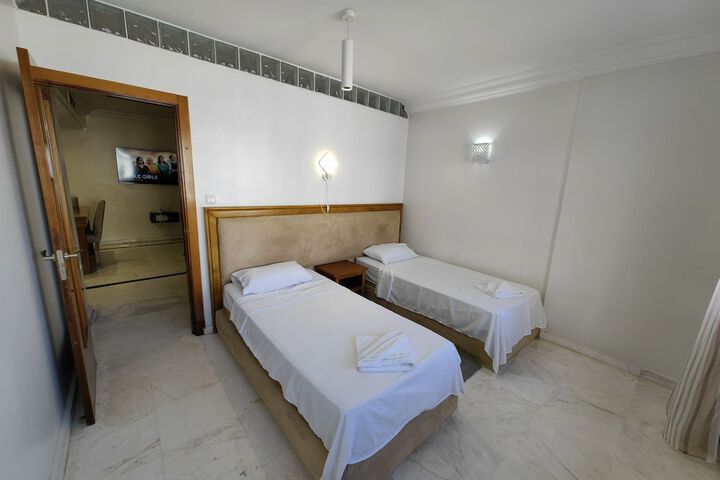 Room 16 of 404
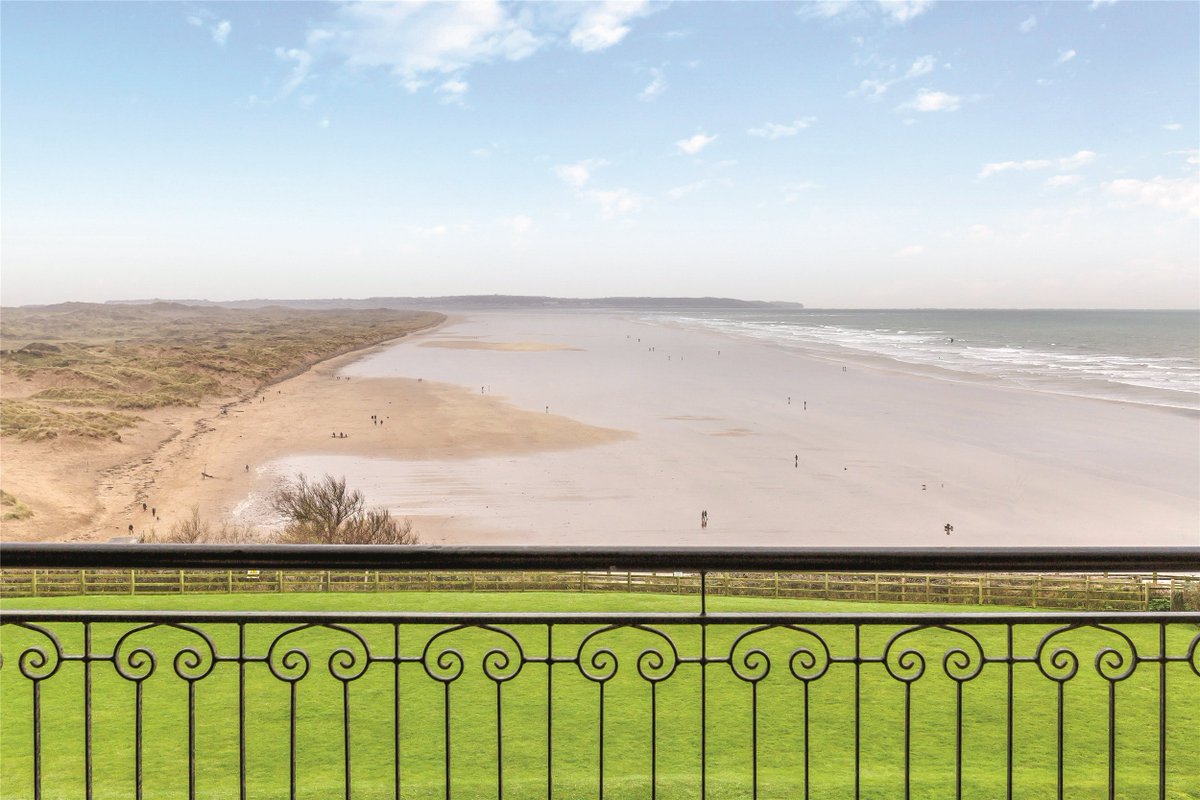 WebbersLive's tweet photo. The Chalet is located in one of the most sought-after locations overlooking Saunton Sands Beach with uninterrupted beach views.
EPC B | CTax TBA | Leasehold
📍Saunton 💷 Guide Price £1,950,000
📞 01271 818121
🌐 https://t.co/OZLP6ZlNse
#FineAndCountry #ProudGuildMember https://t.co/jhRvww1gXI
* * *
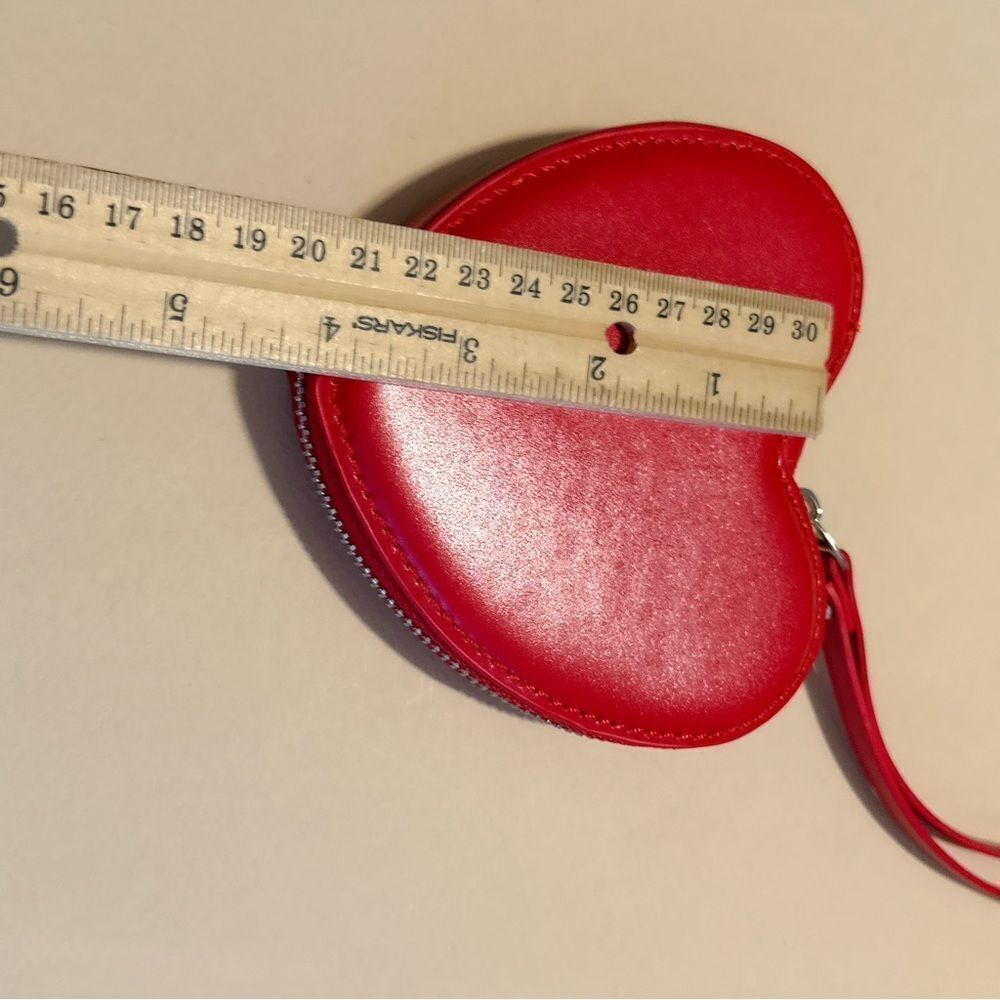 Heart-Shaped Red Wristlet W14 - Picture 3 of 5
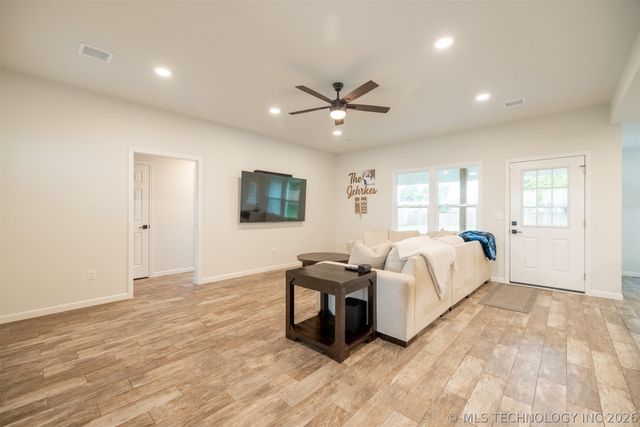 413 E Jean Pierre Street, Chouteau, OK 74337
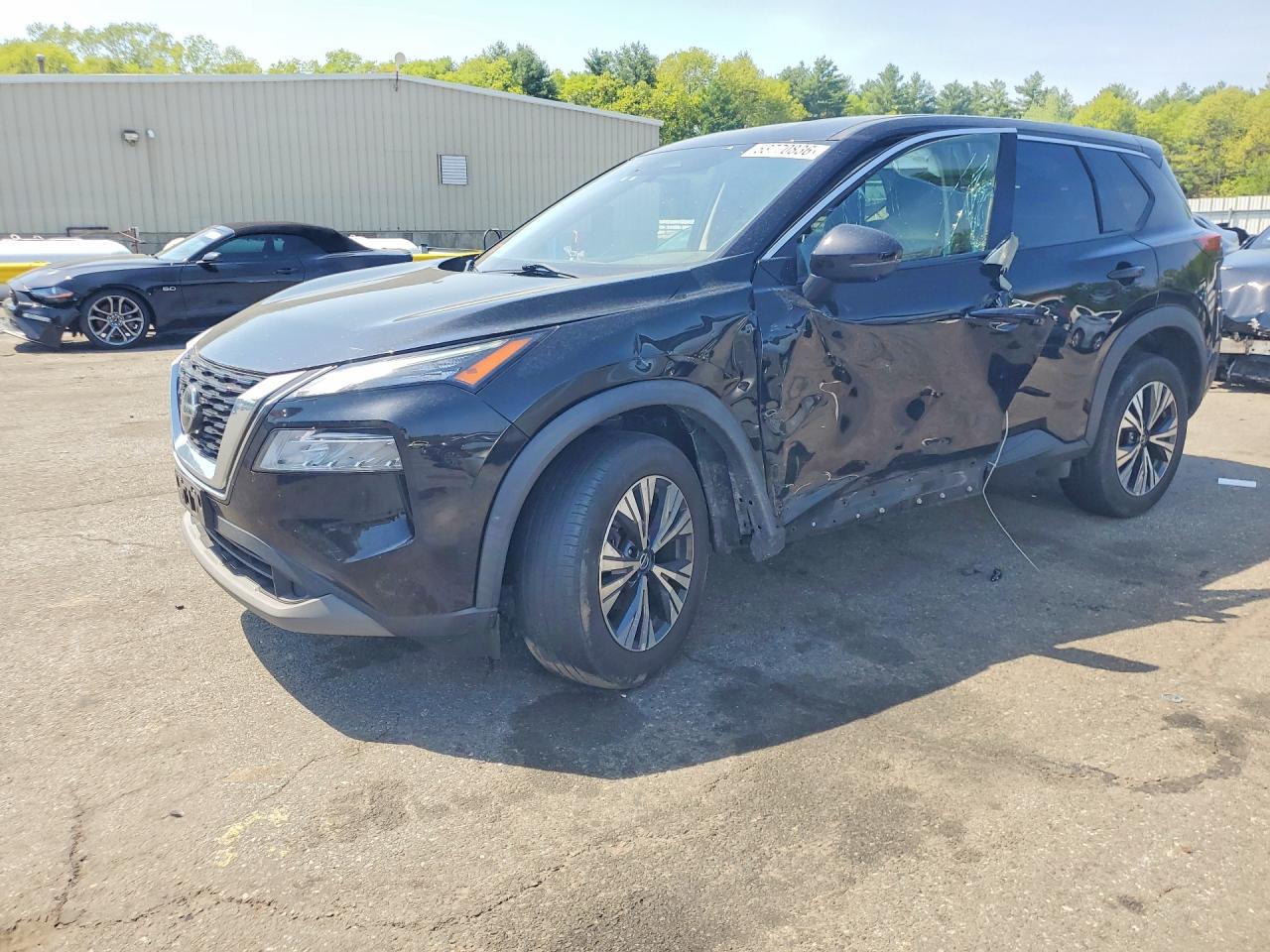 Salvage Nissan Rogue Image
==
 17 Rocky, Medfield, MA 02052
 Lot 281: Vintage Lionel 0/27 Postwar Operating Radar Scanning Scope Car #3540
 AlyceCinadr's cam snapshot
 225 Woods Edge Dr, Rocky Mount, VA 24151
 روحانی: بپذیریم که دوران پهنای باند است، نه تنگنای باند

• [Prompt]
In the material above, the stretch from the line with "WebbersLive's tweet photo." through the line with "#FineAndCountry #ProudGuildMember https://t.co/jhRvww1gXI" is to be given again exactly, minus the pictures.

• [Problem solution]
 WebbersLive's tweet photo. The Chalet is located in one of the most sought-after locations overlooking Saunton Sands Beach with uninterrupted beach views.
EPC B | CTax TBA | Leasehold
📍Saunton 💷 Guide Price £1,950,000
📞 01271 818121
🌐 https://t.co/OZLP6ZlNse
#FineAndCountry #ProudGuildMember https://t.co/jhRvww1gXI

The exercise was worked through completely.